Nobel'i hakettiniz
Milliyet yazarı Hasan Cemal ve Radikal yazarı Cengiz Çandar, Berlin’de katıldıkları bir konferansta, adeta Türkiye’ye yaylım ateşi açtılar.
“Dersim” konferansında konuşan ikiliden Hasan Cemal “Türk ordusu dersimlileri mağaralara doldurup gaz verdi” derken, Cengiz Çandar da “Dersim olayına henüz soykırım demeyin, ürkütmeyin” "uyarısı" yaptı.
PKK’nın yayın organı Fırat Haber Ajansı’nın haberine göre, Almanya’nın başkenti Berlin’de devam eden “Dersim” konferansında konuşan gazeteci Cengiz Çandar ve Hasan Cemal, çözüm için Türkiye’nin geçmişiyle yüzleşmek zorunda olduğunu ve bunun için de hakikatler komisyonunun kurulması gerektiğini vurgusunda bulundular.
Cengiz Çandar, konuşmasına Ermeni meselesiyle başladı. Çandar, Hrant Dink’in yakın arkadaşı olduğunu belirterek, şu ifadeleri kullandı: ‘’Hrant Dink, katledildi. O katledildikten sonra 1915 yılında yapılanın daha büyük katliam olduğunu anladık. Hrant öldürüldükten sonra yüz binlerce kişi cenaze törenine katıldı. Ona sahip çıktı. Herkesimden insanlar vardı orada. İşte Dersim’i de, bu fon üzerinde konuşmamız lazım.”
Dersim konusunu Türkiye’nin gündemine Onur Öymen’in o cümlesiyle girdiğini belirten Çandar, ‘’İyi ki de girmiştir.

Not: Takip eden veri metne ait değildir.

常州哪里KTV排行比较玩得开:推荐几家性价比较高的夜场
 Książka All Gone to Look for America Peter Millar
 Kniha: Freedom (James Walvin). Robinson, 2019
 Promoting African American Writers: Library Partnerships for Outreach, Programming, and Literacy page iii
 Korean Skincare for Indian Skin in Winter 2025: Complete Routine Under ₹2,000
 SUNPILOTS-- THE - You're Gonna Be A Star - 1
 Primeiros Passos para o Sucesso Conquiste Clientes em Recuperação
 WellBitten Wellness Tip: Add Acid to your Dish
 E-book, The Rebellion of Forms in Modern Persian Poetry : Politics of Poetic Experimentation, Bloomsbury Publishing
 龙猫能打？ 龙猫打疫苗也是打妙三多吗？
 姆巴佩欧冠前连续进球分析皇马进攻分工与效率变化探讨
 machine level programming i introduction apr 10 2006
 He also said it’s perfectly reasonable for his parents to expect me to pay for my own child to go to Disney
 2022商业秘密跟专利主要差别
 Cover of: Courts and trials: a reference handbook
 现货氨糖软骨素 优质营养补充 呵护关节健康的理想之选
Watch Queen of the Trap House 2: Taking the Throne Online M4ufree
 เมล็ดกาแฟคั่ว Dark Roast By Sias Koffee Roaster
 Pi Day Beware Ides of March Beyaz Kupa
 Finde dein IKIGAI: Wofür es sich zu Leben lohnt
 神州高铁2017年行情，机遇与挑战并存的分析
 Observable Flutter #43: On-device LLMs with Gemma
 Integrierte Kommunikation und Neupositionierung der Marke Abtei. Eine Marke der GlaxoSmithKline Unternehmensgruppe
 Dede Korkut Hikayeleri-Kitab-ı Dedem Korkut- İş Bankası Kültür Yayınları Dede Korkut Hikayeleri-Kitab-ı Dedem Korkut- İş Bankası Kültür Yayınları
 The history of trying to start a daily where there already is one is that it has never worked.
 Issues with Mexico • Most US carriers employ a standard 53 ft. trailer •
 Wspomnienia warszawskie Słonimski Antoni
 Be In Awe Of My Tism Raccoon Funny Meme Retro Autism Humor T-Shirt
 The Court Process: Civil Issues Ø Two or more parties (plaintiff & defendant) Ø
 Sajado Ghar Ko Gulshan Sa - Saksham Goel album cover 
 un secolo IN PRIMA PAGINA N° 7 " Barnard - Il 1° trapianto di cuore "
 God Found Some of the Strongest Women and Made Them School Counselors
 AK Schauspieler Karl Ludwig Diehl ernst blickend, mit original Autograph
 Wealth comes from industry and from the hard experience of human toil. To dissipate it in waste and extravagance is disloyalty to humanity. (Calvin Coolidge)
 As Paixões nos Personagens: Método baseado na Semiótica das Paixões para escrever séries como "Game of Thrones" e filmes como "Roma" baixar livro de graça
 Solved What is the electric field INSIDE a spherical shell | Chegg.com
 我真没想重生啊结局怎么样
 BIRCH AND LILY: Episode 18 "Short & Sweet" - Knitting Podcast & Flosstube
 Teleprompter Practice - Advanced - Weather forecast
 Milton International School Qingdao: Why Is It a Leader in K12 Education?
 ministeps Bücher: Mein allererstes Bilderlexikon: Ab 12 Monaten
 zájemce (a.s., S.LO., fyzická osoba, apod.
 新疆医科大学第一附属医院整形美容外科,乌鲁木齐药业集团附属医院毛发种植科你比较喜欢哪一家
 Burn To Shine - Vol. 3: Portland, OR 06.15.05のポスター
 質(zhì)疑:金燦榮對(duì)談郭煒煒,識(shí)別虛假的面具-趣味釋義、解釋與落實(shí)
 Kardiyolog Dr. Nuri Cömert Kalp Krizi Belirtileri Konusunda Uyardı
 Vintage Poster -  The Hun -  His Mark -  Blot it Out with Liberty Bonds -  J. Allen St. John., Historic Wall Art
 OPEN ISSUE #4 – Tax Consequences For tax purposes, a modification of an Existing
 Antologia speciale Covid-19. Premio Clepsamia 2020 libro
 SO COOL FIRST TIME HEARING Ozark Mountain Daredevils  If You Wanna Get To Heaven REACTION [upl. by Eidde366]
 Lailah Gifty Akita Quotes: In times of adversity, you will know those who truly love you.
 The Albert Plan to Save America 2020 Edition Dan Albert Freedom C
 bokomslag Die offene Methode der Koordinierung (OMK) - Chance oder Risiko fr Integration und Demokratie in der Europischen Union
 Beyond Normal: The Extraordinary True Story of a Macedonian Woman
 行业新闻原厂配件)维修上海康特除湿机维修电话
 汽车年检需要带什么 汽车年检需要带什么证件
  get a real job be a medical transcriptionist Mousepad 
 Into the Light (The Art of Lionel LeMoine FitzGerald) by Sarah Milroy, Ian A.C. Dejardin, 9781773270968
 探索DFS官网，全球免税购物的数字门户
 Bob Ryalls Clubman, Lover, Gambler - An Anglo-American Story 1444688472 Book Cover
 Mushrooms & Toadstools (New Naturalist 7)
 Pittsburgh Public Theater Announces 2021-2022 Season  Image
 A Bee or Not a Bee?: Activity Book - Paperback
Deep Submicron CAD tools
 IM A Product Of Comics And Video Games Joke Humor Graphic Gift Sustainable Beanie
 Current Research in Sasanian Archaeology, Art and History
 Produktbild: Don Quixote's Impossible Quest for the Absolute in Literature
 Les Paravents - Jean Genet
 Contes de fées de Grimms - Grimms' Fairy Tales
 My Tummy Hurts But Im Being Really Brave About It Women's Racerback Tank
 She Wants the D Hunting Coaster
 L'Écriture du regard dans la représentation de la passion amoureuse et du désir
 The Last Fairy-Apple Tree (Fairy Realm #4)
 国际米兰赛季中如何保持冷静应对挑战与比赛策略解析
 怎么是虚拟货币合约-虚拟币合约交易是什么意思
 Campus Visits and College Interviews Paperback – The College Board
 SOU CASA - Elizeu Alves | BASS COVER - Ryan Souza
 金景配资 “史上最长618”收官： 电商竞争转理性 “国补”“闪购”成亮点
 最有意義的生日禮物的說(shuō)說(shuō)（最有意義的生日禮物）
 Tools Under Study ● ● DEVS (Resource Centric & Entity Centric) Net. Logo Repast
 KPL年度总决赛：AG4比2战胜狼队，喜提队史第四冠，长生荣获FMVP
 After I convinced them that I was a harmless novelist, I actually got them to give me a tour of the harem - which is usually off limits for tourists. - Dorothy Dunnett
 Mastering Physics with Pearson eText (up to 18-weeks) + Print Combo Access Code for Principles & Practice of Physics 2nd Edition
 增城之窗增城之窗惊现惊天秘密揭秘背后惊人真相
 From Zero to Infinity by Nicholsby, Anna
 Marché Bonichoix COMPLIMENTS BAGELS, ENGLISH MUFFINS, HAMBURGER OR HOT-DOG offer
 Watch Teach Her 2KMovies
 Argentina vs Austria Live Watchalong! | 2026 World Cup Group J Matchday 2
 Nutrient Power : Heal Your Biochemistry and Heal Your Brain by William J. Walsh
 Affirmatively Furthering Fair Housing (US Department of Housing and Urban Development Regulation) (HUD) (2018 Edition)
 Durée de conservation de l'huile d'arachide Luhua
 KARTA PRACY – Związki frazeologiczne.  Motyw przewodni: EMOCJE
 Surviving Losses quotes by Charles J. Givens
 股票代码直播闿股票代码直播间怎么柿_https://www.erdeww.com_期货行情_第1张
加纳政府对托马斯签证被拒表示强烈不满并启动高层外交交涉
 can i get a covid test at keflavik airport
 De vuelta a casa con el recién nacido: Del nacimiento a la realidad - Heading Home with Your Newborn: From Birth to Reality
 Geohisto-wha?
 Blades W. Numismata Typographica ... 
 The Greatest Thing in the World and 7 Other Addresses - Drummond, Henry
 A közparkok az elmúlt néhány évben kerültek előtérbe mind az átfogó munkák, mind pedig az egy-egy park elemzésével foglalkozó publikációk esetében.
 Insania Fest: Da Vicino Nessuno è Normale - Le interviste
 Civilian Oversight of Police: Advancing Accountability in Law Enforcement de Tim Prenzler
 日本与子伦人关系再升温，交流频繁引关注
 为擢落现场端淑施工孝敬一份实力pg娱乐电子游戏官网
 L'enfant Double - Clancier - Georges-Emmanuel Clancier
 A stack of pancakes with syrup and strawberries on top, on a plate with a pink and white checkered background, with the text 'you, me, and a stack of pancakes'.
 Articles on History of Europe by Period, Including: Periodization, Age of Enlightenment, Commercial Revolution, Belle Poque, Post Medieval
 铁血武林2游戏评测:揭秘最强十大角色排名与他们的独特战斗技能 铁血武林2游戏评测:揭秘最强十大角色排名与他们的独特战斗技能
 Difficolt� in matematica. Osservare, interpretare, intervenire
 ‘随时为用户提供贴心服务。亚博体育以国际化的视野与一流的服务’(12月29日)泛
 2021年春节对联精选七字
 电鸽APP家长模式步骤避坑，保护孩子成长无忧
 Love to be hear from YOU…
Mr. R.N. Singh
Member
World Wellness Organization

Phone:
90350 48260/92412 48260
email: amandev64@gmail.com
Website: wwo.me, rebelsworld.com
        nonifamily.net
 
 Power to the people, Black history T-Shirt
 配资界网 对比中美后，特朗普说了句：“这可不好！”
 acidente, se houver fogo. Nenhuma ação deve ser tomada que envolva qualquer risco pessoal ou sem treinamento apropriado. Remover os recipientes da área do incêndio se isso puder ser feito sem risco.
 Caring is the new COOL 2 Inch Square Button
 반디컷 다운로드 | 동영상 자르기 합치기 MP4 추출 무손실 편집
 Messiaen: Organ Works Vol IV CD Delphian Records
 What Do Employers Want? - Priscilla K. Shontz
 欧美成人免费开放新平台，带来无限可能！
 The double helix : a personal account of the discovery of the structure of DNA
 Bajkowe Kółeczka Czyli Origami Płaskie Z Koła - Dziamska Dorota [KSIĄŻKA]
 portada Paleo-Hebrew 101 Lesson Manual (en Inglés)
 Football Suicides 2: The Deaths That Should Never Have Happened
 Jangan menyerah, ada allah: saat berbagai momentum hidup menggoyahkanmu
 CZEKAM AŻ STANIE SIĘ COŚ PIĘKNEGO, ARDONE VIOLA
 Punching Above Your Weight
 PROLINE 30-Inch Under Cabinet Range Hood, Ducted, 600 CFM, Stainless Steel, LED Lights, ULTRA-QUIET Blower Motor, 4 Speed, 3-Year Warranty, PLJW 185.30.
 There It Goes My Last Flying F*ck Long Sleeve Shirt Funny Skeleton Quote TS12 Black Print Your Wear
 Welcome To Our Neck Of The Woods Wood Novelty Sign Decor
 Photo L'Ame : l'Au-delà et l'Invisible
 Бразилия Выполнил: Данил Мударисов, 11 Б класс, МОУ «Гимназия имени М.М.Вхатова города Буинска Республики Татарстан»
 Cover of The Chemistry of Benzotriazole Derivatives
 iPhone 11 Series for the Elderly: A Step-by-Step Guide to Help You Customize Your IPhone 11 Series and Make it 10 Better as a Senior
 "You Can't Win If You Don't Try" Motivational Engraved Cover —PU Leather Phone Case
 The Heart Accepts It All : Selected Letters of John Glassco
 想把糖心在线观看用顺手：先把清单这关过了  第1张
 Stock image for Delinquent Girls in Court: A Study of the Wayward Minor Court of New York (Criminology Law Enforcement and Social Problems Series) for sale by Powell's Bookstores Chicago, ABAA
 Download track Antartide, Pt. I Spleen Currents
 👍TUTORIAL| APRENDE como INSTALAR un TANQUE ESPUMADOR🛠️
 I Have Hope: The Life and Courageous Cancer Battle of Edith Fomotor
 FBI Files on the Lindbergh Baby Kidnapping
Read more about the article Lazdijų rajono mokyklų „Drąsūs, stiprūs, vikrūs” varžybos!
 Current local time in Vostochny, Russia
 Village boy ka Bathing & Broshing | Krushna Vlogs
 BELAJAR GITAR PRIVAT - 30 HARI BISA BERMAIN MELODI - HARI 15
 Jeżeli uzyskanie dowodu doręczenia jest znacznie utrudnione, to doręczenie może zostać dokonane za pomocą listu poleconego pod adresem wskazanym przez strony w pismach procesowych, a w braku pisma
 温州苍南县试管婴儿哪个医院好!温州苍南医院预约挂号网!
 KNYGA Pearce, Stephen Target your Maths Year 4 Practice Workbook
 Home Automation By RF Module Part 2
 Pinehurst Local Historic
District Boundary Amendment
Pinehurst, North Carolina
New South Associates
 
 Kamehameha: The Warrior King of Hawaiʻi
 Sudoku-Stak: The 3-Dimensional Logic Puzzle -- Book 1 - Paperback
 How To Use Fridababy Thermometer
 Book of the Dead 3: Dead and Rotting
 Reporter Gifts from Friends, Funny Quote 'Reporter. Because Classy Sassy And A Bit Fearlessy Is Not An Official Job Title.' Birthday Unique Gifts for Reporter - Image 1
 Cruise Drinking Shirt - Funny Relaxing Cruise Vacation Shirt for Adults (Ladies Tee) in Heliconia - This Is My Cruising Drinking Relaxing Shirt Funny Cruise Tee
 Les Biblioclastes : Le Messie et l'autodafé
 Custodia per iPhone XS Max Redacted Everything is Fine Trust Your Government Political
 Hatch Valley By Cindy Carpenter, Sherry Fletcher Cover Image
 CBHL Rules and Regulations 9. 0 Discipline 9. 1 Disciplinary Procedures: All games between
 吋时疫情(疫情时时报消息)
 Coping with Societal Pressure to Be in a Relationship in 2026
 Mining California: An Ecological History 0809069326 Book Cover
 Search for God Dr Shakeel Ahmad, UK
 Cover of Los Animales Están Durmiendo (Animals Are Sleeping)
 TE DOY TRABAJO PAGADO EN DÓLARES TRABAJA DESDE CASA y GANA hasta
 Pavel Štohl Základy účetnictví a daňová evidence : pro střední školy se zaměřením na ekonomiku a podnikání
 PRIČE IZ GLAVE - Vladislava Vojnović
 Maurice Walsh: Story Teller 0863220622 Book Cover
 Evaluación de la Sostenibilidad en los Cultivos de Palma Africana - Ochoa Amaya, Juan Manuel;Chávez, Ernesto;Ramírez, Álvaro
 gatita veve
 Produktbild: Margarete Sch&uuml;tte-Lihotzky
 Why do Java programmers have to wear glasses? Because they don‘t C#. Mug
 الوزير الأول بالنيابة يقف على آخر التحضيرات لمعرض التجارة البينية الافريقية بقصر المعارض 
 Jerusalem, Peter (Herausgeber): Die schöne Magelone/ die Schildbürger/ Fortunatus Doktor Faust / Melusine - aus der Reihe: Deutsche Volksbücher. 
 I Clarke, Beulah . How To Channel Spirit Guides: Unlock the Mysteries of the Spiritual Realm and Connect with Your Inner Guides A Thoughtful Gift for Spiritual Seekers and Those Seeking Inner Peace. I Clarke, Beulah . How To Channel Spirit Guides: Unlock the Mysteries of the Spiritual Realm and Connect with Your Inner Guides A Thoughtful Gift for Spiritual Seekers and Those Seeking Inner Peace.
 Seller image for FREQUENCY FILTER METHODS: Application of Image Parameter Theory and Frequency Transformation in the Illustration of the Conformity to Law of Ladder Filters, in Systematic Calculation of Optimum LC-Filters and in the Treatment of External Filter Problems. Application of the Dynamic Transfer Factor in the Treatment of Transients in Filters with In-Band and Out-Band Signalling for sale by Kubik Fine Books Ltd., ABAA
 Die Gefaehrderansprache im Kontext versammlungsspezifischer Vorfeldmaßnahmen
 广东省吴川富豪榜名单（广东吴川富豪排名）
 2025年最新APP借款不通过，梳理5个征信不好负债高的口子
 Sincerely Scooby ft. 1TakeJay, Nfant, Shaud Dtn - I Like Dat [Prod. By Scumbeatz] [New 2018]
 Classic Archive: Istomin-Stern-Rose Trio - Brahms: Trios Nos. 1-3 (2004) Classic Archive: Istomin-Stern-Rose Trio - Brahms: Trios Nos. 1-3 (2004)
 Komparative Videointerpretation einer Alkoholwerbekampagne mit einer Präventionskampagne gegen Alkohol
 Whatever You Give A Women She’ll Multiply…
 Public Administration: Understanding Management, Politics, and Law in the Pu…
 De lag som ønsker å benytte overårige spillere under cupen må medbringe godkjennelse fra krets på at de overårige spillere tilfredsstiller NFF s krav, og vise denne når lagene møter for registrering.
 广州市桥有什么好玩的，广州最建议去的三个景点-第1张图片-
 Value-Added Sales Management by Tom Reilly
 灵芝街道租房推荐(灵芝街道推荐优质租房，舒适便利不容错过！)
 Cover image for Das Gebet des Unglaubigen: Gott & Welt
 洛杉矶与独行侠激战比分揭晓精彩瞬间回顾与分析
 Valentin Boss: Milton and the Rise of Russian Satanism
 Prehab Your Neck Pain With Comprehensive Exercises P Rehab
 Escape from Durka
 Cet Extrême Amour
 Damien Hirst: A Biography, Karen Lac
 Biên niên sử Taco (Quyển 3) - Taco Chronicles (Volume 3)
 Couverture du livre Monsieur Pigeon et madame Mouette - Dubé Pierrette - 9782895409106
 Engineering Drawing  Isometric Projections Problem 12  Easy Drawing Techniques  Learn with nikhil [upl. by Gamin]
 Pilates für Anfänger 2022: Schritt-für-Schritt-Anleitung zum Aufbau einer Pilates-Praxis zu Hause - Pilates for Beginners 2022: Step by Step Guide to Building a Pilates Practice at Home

Ne maksatla olursa olsun, seçim maksadıyla da olsa başbakan Recep T. Erdoğan bas basa bağırdı:’ 50 bin insan katledildi.’ Eğer bugün bir başbakan bunu söylüyorsa yeni bir sayfanın açıldığını gösteriyor. Böylece Dersim dosyası Türkiye’nin gündemine girdi” dedi.
Tunceli’de dikilen eşkıya Seyid Rıza’nın heykeli hakkında da görüşlerini açıklayan Çandar, “Bu önemli ve gelinen aşamayı ve gelişmeyi gösteriyor” dedi. CHP’nin lideri Kemal Kılıçdaroğlu’na da yüklenen Çandar, “Kürt olmasına rağmen bir tek Kürt sözcüğünü sarf etmemiştir. Ama bundan sonra önemli bununla yüzleşmek lazım. Türkiye bundan sonra Dersim gerçeğiyle yüzleşmelidir. Günahlarıyla yüzleşmeli. Yoksa Türkiye demokrasisi konusunda yol alamaz” diye konuştu.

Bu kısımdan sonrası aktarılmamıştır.